Cognitive (Vision) Systems
by Henrik Christensen
'Cognitive Vision Systems' is a European project addressing issues related to categorisation, recognition, learning, interpretation and integration in relation to vision systems for intelligent embodied systems.
Over the last decade there has been significant progress in the fields of artificial intelligence, computer perception, machine learning and robotics. Yet there has not been major progress on truly cognitive systems. Cognition is here interpreted as 'generation of knowledge on the basis of perception, reasoning, learning and prior models'. Cognition is not a passive process, where an observer merely is monitoring an external environment. In addition the system has facilities for communication with the environment through which it also can articulate its knowledge. The system is embedded in the world and interacts with its environment to gather knowledge and perform its mission. Consequently, a cognitive system needs to be embodied and it has a number of tasks that define its mission objectives. The operation of the system is defined by its mission objectives and it acquires knowledge about the environment through its perception system. The perception is active in the sense that the system can use the embodiment to interact with the environment, which can be used to change the state of the environment, which subsequently can be observed by the perception system. The sheer amount of information available in the external environment calls for methods to generate 'abstract' models.

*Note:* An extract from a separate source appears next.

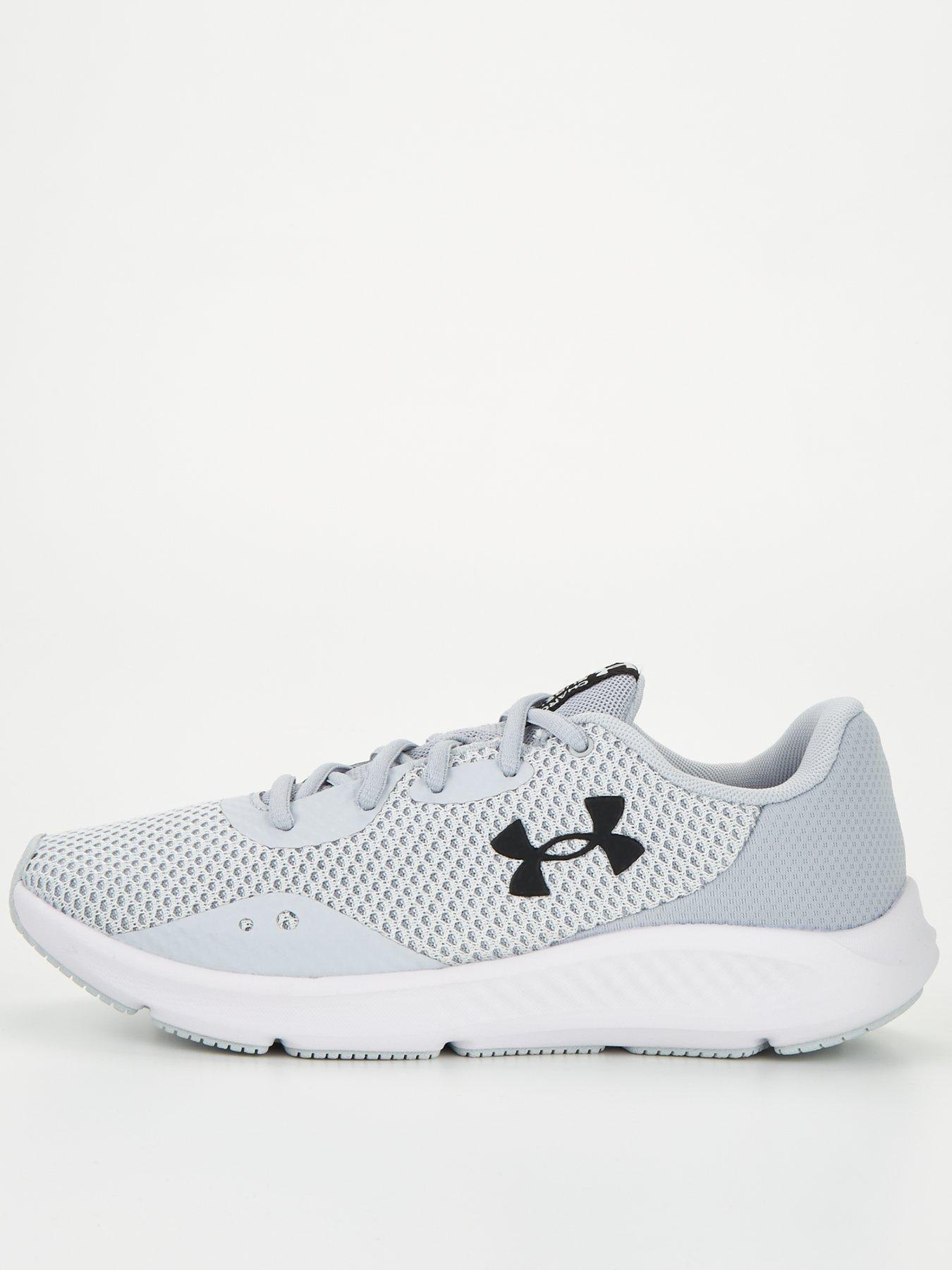 UNDER ARMOUR Charged Pursuit 3 - Black/Pink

One important part of generation of models is the ability not only to RE-cognize objects, but also to perform recognition by means of categorisation. Categories form an important component to allow management of an abundance of information, association of function, physical layout, etc. for objects, situations and events. Categorical perception is, however, a major challenge as is seen on in the adjacent image. A task could here be "count the number of chairs". This is a non-trivial task. Without understanding of the physical layout of the scene some objects may be recognized incorrectly and using contours only, some of the shadows might be confusing. In addition the pictures on the wall do not represent places to sit. Visual cognition is obviously only one of many potential modalities that are of interest to cognitive systems. In addition for some objects there might be a need to interact with the environment to determine if an object qualifies for a particular task. For instance, is a chair stable enough to allow sitting down? Some of these qualities can only be determined by interaction.
Another fundamental component of any cognitive system is memory. Inherently memory is limited and there is a need to consider how memory can be utilized for different purposes: context information, spatial layout, abstraction, etc. Memory is, however, limited which call for efficient methods to manage this scarce resource. This requires use of attention mechanisms for select information of interest, and data-mining methods or machine learning to generate abstractions and derived representations. A basic quality of memory is also forgetting or intelligent garbage collection methods.

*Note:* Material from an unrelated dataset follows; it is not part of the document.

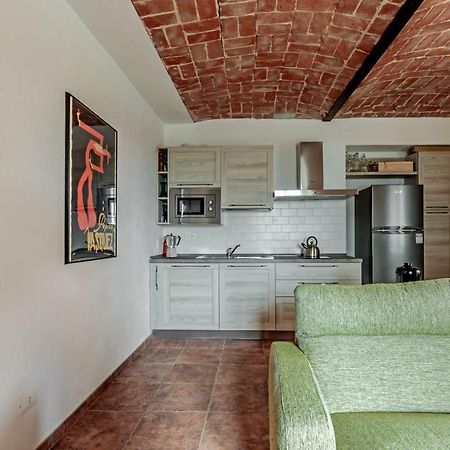 Апартаменти Modern Farmhouse Montabone Екстер'єр фото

The relation between prior models or long(er)-term memory and working memory is another issue to be addressed. As part of the study of memory there is also a need to study pedagogic models for acquisition of information. What is the best possible model to interact with a system to allow it to acquire a new skill, a task model or the representation of a new concept? Can traditional pedagogic models also be used to teach artefacts new concepts in an efficient manner? Cognitive science has proposed models for how infants acquire new models of the world; one such example is the learning models proposed by Piaget. Can such models be directly applied (can we endow the system with curiosity) or can be rephrase these methods so as to make them operational and applicable for artificial cognitive systems.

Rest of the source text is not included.